The old-style redirect we were using won't be possible with the pre-empting RTOS, as we'd at "best" end up running Lua code reentrantly from whichever RTOS tasks are printing. I suspect what we'll need is to install a proper handler via os_install_putc() and queue characters over into the Lua task. Shouldn't be too bad to do - we need to install one of those anyway to be able to implement the system_set_os_print() function anyway.

jmattsson commented 8 years ago

@marcelstoer Thanks, I hadn't realised you switched from black-list to white-list!

I've pushed a dev-rtos branch into the main repo now, and will continue work against that. I consider this a free-for-all branch for the time being - there is so much to test and fix and polish that I'd prefer to risk stepping on toes (and having toes stepped on) than using the PR mutex. I'm contemplating starting a wiki page to document what I learn as a I go - would that be sufficiently useful to be worth the effort?
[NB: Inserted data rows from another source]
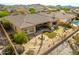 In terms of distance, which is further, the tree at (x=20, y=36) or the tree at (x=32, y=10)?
the tree at (x=32, y=10)

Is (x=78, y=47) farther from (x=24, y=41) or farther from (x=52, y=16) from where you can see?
(x=24, y=41)

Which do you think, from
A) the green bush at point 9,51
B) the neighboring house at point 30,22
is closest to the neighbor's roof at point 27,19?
the neighboring house at point 30,22

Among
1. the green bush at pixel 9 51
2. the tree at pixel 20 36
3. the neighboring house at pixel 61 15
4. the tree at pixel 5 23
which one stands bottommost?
the green bush at pixel 9 51

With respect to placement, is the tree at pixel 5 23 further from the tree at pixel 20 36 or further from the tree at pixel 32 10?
the tree at pixel 32 10

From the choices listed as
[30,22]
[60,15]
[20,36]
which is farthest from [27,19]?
A: [60,15]

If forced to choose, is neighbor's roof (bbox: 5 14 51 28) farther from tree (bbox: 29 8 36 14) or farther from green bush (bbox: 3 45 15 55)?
green bush (bbox: 3 45 15 55)

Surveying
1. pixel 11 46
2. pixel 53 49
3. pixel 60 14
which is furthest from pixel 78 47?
pixel 11 46

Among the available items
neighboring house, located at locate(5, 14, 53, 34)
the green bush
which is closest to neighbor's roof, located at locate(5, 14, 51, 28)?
neighboring house, located at locate(5, 14, 53, 34) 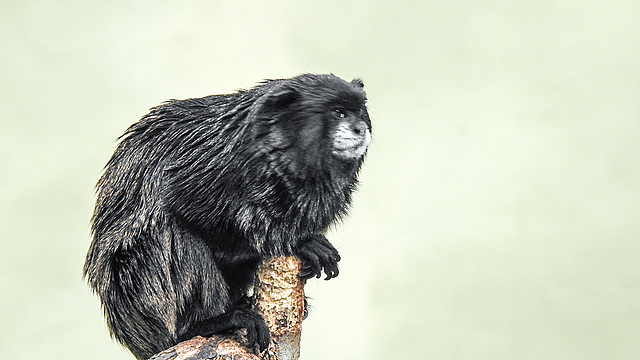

@devsaurus I believe I've taken care of the newline madness now. I've yet to address the output redirect.

devsaurus commented 8 years ago

Thanks a bunch, Johny! That'll allow me to have some test drive with the new rtos flavour. Output redirection is not that important atm, as long as there's serial comm :smiley:

As a side note: I found that you need to manually download and extract ESP8266_RTOS_SDK_v1.4.0_16_02_28 (presumably) to rtos-sdk. Also update init data from rtos-sdk/bin/esp_init_data_default.bin - just to be sure.

jmattsson commented 8 years ago

The RTOS SDK is a git submodule so a simple git submodule update --init should do the trick.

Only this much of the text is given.